Open pratikrathore8 opened 6 months ago
Hi @pratikrathore8 ,
Thanks for your report!
The bug comes from the fact that you use a single query point x[idx]
, and that our engine is faulty when dealing with degenerate LazyTensors that have a single row or column. By chance, the issues does not pop up when sigma
is an integer, i.e. a constant that is inlined at compile time... But when sigma
is a float, it is handled as an extra variable in the formula and this visibly triggers the error.
We are currently rewriting the section of our code that deals with input dimensions, so the problem should hopefully be fixed soon.
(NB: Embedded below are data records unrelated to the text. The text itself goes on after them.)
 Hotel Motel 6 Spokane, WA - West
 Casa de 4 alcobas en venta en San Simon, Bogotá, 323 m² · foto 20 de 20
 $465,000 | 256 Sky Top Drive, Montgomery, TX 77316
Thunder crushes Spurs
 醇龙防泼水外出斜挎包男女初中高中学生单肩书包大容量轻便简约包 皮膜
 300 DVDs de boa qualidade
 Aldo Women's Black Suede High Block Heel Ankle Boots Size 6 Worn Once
Until then, a simple fix is to use two instead of one query points idx
, e.g. with:
from pykeops.torch import LazyTensor
import torch
def check_kernel_computations(x, idx, sigma):
x_idx = x[idx]
x_idx = x_idx.view(1, 1, -1)
# Create an artificial duplicate
x_idx = torch.cat((x_idx, x_idx), dim=0)
assert x_idx.shape == (2, 1, x.shape[-1])
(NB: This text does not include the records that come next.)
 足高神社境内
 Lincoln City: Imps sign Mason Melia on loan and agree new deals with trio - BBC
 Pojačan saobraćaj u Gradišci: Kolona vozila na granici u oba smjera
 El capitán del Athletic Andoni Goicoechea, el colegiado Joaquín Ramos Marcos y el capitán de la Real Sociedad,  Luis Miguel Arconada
x_idx_lazy = LazyTensor(x_idx)
x_lazy = LazyTensor(x[None, :, :])
D = (x_idx_lazy - x_lazy).abs().sum(dim=2)
K = (-D / sigma).exp()
print("sigma = ", sigma)
print(-D.sum(dim=0))
print((-D / sigma).sum(dim=0))
print(K.sum(dim=0))
print()
seed = 0
device = 'cuda'
idx = 0
torch.manual_seed(seed)
torch.cuda.manual_seed(seed)
# Generate random normal data x
x = torch.randn(100000, 1000).to(device)
check_kernel_computations(x, idx, 5)
check_kernel_computations(x, idx, 5.)
Best regards, Jean
@jeanfeydy Thanks for clarifying the source of this error and providing the workaround!
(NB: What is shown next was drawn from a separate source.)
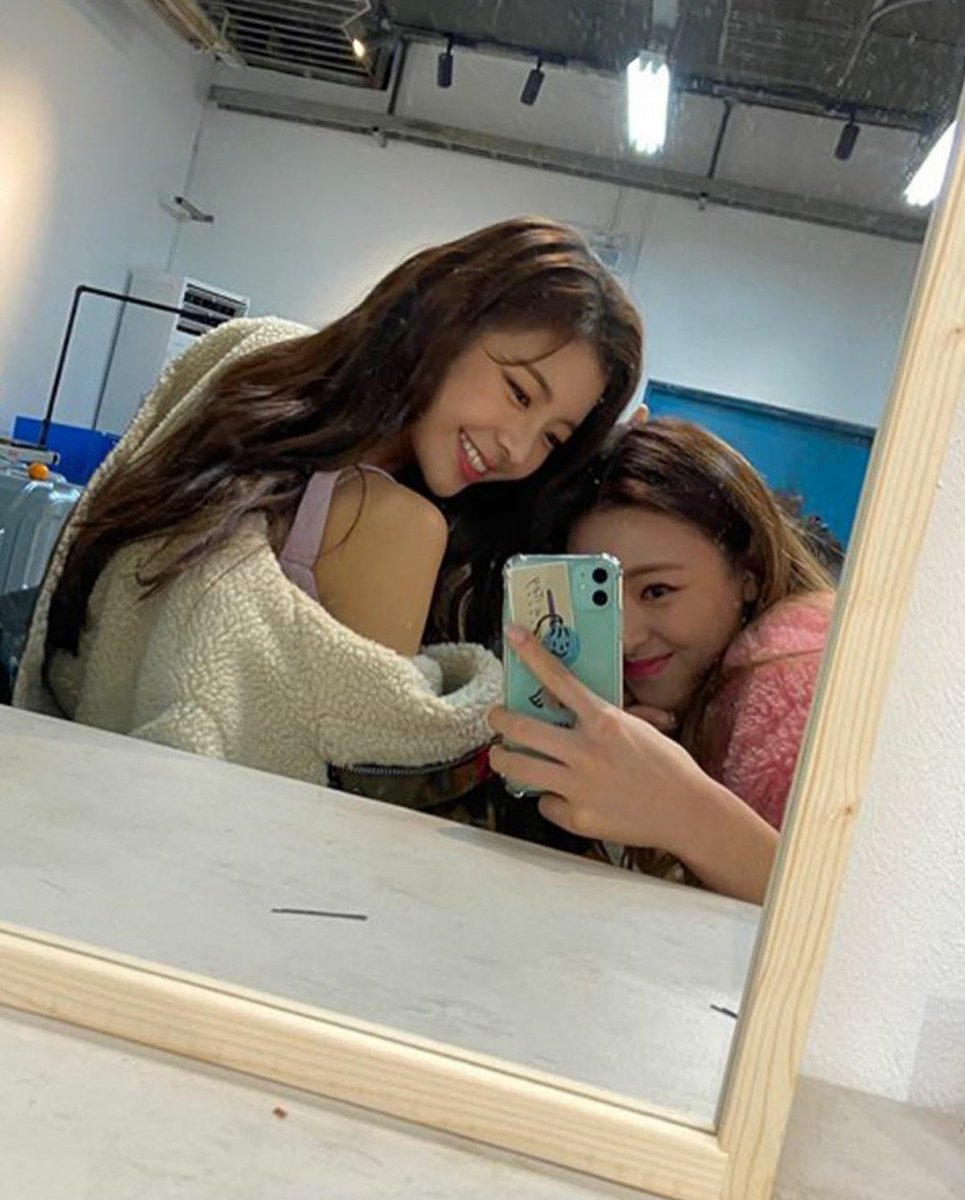 nuestra asociación consiste en siempre acompañarnos a eventos increíbles como lo es este #ƊRƐAMS͜͡O𝕄ℕ𝕀𝔸ᯇ3rd𝗖𝗕 al cual las demás chiquitas también querían asistir pero me adelanté con iriri a escuchar #𝕐o𝖚·Aᥒɗ·𝐼 ૮꒰ ˶• ༝ •˶꒱ა ♡

𝖒a͟i͟d's 𝖌eo ⚔️ #𝙽oelle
@jeanfeydy Has there been any progress on fixing this error? Thanks!
I've been trying to use pykeops to generate rows of a kernel matrix. However, when I change the kernel hyperparameter sigma from an int to a float (5 to 5.), the outputs become nan. Do the developers have an idea for why this is happening?
I'm happy to share the details of my Python environment if needed. Thanks!